EXERCISE DIRECTIONS: Print the records below exactly, leaving out nothing.

BEGIN RECORDS PROVIDED

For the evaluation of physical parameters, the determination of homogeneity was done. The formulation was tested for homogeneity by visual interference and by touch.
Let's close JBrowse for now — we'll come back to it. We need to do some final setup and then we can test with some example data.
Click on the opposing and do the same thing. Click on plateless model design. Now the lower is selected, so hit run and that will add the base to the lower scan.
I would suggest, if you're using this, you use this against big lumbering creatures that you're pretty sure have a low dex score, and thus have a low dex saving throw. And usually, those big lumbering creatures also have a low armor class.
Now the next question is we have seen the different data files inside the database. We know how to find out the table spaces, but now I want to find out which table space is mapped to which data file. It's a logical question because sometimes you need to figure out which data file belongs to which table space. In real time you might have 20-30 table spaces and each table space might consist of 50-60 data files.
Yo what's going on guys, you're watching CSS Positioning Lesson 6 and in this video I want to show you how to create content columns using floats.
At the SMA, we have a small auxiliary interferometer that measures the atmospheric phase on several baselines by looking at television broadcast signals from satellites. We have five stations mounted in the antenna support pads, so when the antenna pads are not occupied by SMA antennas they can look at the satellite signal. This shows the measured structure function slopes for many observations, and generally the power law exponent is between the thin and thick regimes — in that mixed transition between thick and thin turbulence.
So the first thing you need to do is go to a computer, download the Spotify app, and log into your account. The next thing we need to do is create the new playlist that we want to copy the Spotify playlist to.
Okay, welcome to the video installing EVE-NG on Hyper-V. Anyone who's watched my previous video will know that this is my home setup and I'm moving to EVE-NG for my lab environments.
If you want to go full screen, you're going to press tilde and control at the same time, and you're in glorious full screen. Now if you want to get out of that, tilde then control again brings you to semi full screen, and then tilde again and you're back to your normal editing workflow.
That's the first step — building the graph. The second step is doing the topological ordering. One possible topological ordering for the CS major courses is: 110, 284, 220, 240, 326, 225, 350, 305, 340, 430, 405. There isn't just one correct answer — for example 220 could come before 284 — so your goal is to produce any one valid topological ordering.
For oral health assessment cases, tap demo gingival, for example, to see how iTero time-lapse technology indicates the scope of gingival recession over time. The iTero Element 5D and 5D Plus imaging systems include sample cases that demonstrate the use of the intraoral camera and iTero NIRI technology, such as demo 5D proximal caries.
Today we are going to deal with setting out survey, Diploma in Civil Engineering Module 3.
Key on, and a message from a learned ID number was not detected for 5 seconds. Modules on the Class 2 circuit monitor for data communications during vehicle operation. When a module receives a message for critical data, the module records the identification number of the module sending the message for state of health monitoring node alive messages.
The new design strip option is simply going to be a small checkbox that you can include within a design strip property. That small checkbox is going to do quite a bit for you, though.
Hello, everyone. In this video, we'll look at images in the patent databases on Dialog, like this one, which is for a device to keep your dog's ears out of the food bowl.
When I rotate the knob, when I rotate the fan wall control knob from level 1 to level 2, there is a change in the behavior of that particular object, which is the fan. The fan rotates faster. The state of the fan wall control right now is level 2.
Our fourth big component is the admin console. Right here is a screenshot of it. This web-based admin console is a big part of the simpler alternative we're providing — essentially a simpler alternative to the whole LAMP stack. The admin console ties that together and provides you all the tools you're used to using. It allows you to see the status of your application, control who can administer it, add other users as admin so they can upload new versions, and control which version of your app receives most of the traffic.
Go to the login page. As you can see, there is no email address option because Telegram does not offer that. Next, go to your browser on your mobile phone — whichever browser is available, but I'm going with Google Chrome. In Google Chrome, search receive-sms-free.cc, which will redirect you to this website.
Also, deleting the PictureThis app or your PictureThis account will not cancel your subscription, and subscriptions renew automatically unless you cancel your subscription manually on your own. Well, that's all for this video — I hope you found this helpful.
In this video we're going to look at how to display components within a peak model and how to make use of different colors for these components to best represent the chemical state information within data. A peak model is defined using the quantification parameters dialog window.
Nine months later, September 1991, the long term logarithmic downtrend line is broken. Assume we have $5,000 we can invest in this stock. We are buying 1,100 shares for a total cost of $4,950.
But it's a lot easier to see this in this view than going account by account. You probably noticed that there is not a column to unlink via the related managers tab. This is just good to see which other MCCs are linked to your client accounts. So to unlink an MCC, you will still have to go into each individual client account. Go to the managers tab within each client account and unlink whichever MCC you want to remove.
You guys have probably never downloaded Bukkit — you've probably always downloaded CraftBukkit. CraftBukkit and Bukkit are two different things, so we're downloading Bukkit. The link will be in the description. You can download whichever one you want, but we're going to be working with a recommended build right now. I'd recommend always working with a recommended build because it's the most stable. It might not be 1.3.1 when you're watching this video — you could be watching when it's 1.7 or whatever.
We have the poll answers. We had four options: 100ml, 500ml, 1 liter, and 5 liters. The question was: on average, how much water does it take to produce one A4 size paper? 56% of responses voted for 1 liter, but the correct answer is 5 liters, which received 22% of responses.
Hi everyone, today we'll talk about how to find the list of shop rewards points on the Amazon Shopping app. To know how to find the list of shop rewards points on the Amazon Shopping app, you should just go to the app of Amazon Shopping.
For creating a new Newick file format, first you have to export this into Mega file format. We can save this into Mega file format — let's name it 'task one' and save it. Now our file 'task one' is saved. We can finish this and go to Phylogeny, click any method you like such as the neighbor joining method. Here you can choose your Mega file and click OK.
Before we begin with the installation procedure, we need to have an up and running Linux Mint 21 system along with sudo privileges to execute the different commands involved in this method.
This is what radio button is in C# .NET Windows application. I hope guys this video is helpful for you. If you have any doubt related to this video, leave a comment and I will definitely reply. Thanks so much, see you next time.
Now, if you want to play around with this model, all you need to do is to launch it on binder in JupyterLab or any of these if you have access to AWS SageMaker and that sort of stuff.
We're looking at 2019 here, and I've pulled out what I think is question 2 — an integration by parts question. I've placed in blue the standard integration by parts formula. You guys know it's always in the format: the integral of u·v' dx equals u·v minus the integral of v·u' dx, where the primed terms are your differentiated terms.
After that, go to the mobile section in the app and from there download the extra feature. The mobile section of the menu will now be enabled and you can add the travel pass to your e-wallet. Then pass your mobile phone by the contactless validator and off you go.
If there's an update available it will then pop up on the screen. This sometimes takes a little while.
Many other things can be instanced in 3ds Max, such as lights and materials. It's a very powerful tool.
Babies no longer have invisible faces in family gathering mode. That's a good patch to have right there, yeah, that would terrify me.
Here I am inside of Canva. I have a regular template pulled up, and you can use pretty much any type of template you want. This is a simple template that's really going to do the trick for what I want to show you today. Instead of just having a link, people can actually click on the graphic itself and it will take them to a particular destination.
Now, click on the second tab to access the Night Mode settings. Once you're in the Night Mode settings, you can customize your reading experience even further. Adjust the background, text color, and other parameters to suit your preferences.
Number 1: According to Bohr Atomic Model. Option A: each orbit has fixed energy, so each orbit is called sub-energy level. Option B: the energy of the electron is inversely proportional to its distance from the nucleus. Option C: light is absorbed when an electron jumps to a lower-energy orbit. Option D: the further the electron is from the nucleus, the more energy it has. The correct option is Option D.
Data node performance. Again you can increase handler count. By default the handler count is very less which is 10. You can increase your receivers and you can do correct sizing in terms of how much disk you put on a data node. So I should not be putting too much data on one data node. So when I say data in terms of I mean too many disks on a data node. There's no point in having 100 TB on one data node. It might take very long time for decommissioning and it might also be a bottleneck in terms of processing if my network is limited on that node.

END RECORDS PROVIDED

ANSWER TO THIS TASK:
For the evaluation of physical parameters, the determination of homogeneity was done. The formulation was tested for homogeneity by visual interference and by touch.
Let's close JBrowse for now — we'll come back to it. We need to do some final setup and then we can test with some example data.
Click on the opposing and do the same thing. Click on plateless model design. Now the lower is selected, so hit run and that will add the base to the lower scan.
I would suggest, if you're using this, you use this against big lumbering creatures that you're pretty sure have a low dex score, and thus have a low dex saving throw. And usually, those big lumbering creatures also have a low armor class.
Now the next question is we have seen the different data files inside the database. We know how to find out the table spaces, but now I want to find out which table space is mapped to which data file. It's a logical question because sometimes you need to figure out which data file belongs to which table space. In real time you might have 20-30 table spaces and each table space might consist of 50-60 data files.
Yo what's going on guys, you're watching CSS Positioning Lesson 6 and in this video I want to show you how to create content columns using floats.
At the SMA, we have a small auxiliary interferometer that measures the atmospheric phase on several baselines by looking at television broadcast signals from satellites. We have five stations mounted in the antenna support pads, so when the antenna pads are not occupied by SMA antennas they can look at the satellite signal. This shows the measured structure function slopes for many observations, and generally the power law exponent is between the thin and thick regimes — in that mixed transition between thick and thin turbulence.
So the first thing you need to do is go to a computer, download the Spotify app, and log into your account. The next thing we need to do is create the new playlist that we want to copy the Spotify playlist to.
Okay, welcome to the video installing EVE-NG on Hyper-V. Anyone who's watched my previous video will know that this is my home setup and I'm moving to EVE-NG for my lab environments.
If you want to go full screen, you're going to press tilde and control at the same time, and you're in glorious full screen. Now if you want to get out of that, tilde then control again brings you to semi full screen, and then tilde again and you're back to your normal editing workflow.
That's the first step — building the graph. The second step is doing the topological ordering. One possible topological ordering for the CS major courses is: 110, 284, 220, 240, 326, 225, 350, 305, 340, 430, 405. There isn't just one correct answer — for example 220 could come before 284 — so your goal is to produce any one valid topological ordering.
For oral health assessment cases, tap demo gingival, for example, to see how iTero time-lapse technology indicates the scope of gingival recession over time. The iTero Element 5D and 5D Plus imaging systems include sample cases that demonstrate the use of the intraoral camera and iTero NIRI technology, such as demo 5D proximal caries.
Today we are going to deal with setting out survey, Diploma in Civil Engineering Module 3.
Key on, and a message from a learned ID number was not detected for 5 seconds. Modules on the Class 2 circuit monitor for data communications during vehicle operation. When a module receives a message for critical data, the module records the identification number of the module sending the message for state of health monitoring node alive messages.
The new design strip option is simply going to be a small checkbox that you can include within a design strip property. That small checkbox is going to do quite a bit for you, though.
Hello, everyone. In this video, we'll look at images in the patent databases on Dialog, like this one, which is for a device to keep your dog's ears out of the food bowl.
When I rotate the knob, when I rotate the fan wall control knob from level 1 to level 2, there is a change in the behavior of that particular object, which is the fan. The fan rotates faster. The state of the fan wall control right now is level 2.
Our fourth big component is the admin console. Right here is a screenshot of it. This web-based admin console is a big part of the simpler alternative we're providing — essentially a simpler alternative to the whole LAMP stack. The admin console ties that together and provides you all the tools you're used to using. It allows you to see the status of your application, control who can administer it, add other users as admin so they can upload new versions, and control which version of your app receives most of the traffic.
Go to the login page. As you can see, there is no email address option because Telegram does not offer that. Next, go to your browser on your mobile phone — whichever browser is available, but I'm going with Google Chrome. In Google Chrome, search receive-sms-free.cc, which will redirect you to this website.
Also, deleting the PictureThis app or your PictureThis account will not cancel your subscription, and subscriptions renew automatically unless you cancel your subscription manually on your own. Well, that's all for this video — I hope you found this helpful.
In this video we're going to look at how to display components within a peak model and how to make use of different colors for these components to best represent the chemical state information within data. A peak model is defined using the quantification parameters dialog window.
Nine months later, September 1991, the long term logarithmic downtrend line is broken. Assume we have $5,000 we can invest in this stock. We are buying 1,100 shares for a total cost of $4,950.
But it's a lot easier to see this in this view than going account by account. You probably noticed that there is not a column to unlink via the related managers tab. This is just good to see which other MCCs are linked to your client accounts. So to unlink an MCC, you will still have to go into each individual client account. Go to the managers tab within each client account and unlink whichever MCC you want to remove.
You guys have probably never downloaded Bukkit — you've probably always downloaded CraftBukkit. CraftBukkit and Bukkit are two different things, so we're downloading Bukkit. The link will be in the description. You can download whichever one you want, but we're going to be working with a recommended build right now. I'd recommend always working with a recommended build because it's the most stable. It might not be 1.3.1 when you're watching this video — you could be watching when it's 1.7 or whatever.
We have the poll answers. We had four options: 100ml, 500ml, 1 liter, and 5 liters. The question was: on average, how much water does it take to produce one A4 size paper? 56% of responses voted for 1 liter, but the correct answer is 5 liters, which received 22% of responses.
Hi everyone, today we'll talk about how to find the list of shop rewards points on the Amazon Shopping app. To know how to find the list of shop rewards points on the Amazon Shopping app, you should just go to the app of Amazon Shopping.
For creating a new Newick file format, first you have to export this into Mega file format. We can save this into Mega file format — let's name it 'task one' and save it. Now our file 'task one' is saved. We can finish this and go to Phylogeny, click any method you like such as the neighbor joining method. Here you can choose your Mega file and click OK.
Before we begin with the installation procedure, we need to have an up and running Linux Mint 21 system along with sudo privileges to execute the different commands involved in this method.
This is what radio button is in C# .NET Windows application. I hope guys this video is helpful for you. If you have any doubt related to this video, leave a comment and I will definitely reply. Thanks so much, see you next time.
Now, if you want to play around with this model, all you need to do is to launch it on binder in JupyterLab or any of these if you have access to AWS SageMaker and that sort of stuff.
We're looking at 2019 here, and I've pulled out what I think is question 2 — an integration by parts question. I've placed in blue the standard integration by parts formula. You guys know it's always in the format: the integral of u·v' dx equals u·v minus the integral of v·u' dx, where the primed terms are your differentiated terms.
After that, go to the mobile section in the app and from there download the extra feature. The mobile section of the menu will now be enabled and you can add the travel pass to your e-wallet. Then pass your mobile phone by the contactless validator and off you go.
If there's an update available it will then pop up on the screen. This sometimes takes a little while.
Many other things can be instanced in 3ds Max, such as lights and materials. It's a very powerful tool.
Babies no longer have invisible faces in family gathering mode. That's a good patch to have right there, yeah, that would terrify me.
Here I am inside of Canva. I have a regular template pulled up, and you can use pretty much any type of template you want. This is a simple template that's really going to do the trick for what I want to show you today. Instead of just having a link, people can actually click on the graphic itself and it will take them to a particular destination.
Now, click on the second tab to access the Night Mode settings. Once you're in the Night Mode settings, you can customize your reading experience even further. Adjust the background, text color, and other parameters to suit your preferences.
Number 1: According to Bohr Atomic Model. Option A: each orbit has fixed energy, so each orbit is called sub-energy level. Option B: the energy of the electron is inversely proportional to its distance from the nucleus. Option C: light is absorbed when an electron jumps to a lower-energy orbit. Option D: the further the electron is from the nucleus, the more energy it has. The correct option is Option D.
Data node performance. Again you can increase handler count. By default the handler count is very less which is 10. You can increase your receivers and you can do correct sizing in terms of how much disk you put on a data node. So I should not be putting too much data on one data node. So when I say data in terms of I mean too many disks on a data node. There's no point in having 100 TB on one data node. It might take very long time for decommissioning and it might also be a bottleneck in terms of processing if my network is limited on that node.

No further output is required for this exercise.